After the eruption of the Icelandic Eyjafjallajökull volcano in April 2010, a cloud of fine-grained ash particles spread quickly towards central Europe. Large segments of the airspace were closed by the authorities because the engines of aircraft flying through ash clouds had been repeatedly damaged on previous occasions. Using lidar technology, scientists of the DLR Institute of Atmospheric Physics helped to re-define safety thresholds in aviation so that more far-ranging airspace closures could be avoided.
From April 15 to 20, 2010, 75 per cent of the European airspace remained closed. More than 100,000 flights were cancelled, 10 million passengers were stranded. The damage caused to national economies was immense, and airlines suffered turnover losses of up to 2.5 billion Euros. That they did not have to pay an even heavier penalty is partly due to the timely efforts of DLR scientists who measured the particle density and the spread of the ash cloud with lidar technology from a research aircraft. On their flights, they repeatedly but cautiously dipped into the ash cloud from above to measure the concentration of particles directly.
Lidar (light detection and ranging) works like radar (radio wave detection and ranging), the only difference being that it uses highly directional, coherent light waves instead of radio waves. These light waves are generated by a laser (light amplification by stimulated emission of radiation) working within a narrow frequency band. Whenever a laser pulse encounters atmospheric elements such as particles of dust or air molecules, a minute fraction of it will be reflected. The lidar uses a telescope and a highly sensitive detector to register such reflections. The distance to an object can be calculated from the runtime of the pulse signal and the speed of light, while the intensity and frequency of the light scattered back permits drawing conclusions regarding the object’s properties and state of motion.
DLR has been actively engaged in lidar research since the early 80s. The first measurements of the back-scattering of light by aerosols were taken on the Falcon research aircraft. Since that time, both the efficiency and the range of applications of these measuring systems have increased considerably.
Scientists from two of DLR’s main research areas, astronautics and aeronautics are involved in this project, which at the same time forms part of DLR’s security research, a cross-departmental programme under which defence and security-related research and development activities are being planned and controlled.
Versatility in application
DLR’s research aircraft, Falcon 20-E, as used during the volcanic mission, complete with instruments attached to the wings, a nose mast for wind and pressure measurements, and air intake vents.
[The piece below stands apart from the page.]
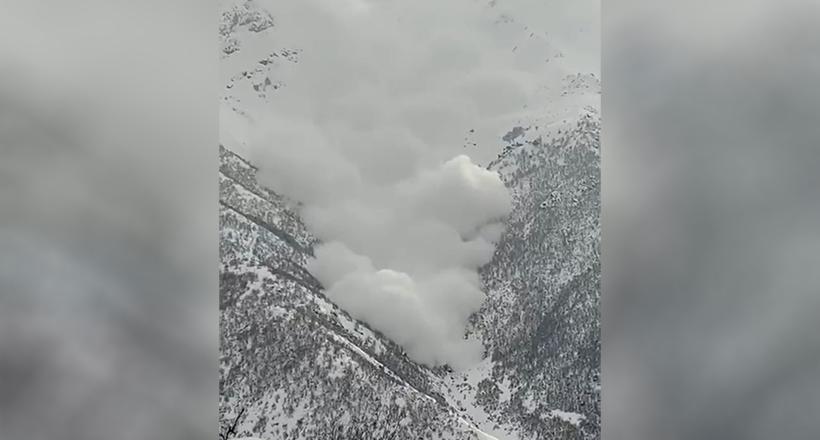 Çığ düşme anı görüntülendi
Credit: Sergio Domingos/www.airliners.net
Since the early 80s, DLR’s lidar department at Oberpfaffenhofen has been working on ground-, aircraft- and space-based lidar systems. They serve to detect meteorological parameters as well as trace gases in the atmosphere from a distance. The results they produce are used to explore our weather and our climate, and there are other conceivable applications besides: in the case of a nuclear accident, for example, lidar technology might be used to gather meaningful information about the position and concentration of radioactive clouds.
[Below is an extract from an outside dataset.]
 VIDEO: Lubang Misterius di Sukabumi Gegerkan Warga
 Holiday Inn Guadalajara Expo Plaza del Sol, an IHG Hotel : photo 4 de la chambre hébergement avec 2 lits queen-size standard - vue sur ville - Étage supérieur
And there are yet other ways in which the lidar systems developed by DLR may enhance air traffic safety in the future. Aeronautics experts predict that they will acquire great importance in the next few years because they may serve to avoid capacity bottlenecks in the sky without infringing any of the stringent safety standards. Thus, the I-Wake EU project laid the foundations for the development of a warning sensor to identify the wake vortices that trail behind large aircraft.
WALES (water vapour lidar experiment in space) is designed to measure the concentration of water vapour, ozone, carbon dioxide, and methane and to determine the properties of aerosols and ice clouds. Natural-gas pipelines, for example, are being monitored from helicopters even today; the CHARM (CH4 airborne remote monitoring) lidar device used is capable of detecting even small methane leaks from pipelines.
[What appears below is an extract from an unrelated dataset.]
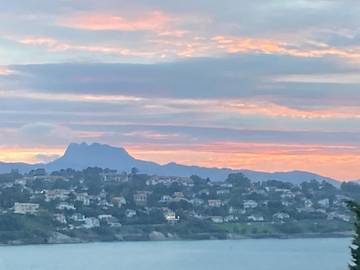 Villa pour 6 personnes, avec terrasse et jardin ainsi que piscine et vue à Saint-Jean-de-Luz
Earth observation from space
Satellite-based lidar instruments have been observing the Earth for some time, including two lidar systems designed to determine polar-ice and aerosol-altitude profiles, ICESAT and CALIPSO, which have been in orbit around Earth for some years. A satellite system for measuring horizontal wind profiles called ADM-Aeolus will probably be launched into a near-Earth orbit by the European Space Agency (ESA) at the end of 2013.
In space, the high-energy lasers of lidar systems have to meet extremely stringent requirements regarding reliability, service life, pulse energy, beam quality, etc. There is still an urgent need to further develop these systems which are exposed to extremely great stresses in operation. Therefore, DLR actively supports the development of space-specific high-energy lasers as well as other technologies that are of importance for the operation of lidar instruments in space.
The lidar principle
The transmitter consists of a laser system emitting light pulses, which are partly backscattered within the atmosphere. Part of this light returns to the receiver (a receiving telescope and photodetector). The measured signal, as a function of signal runtime, is used to determine the distance of the target from the laser as well as some of its properties.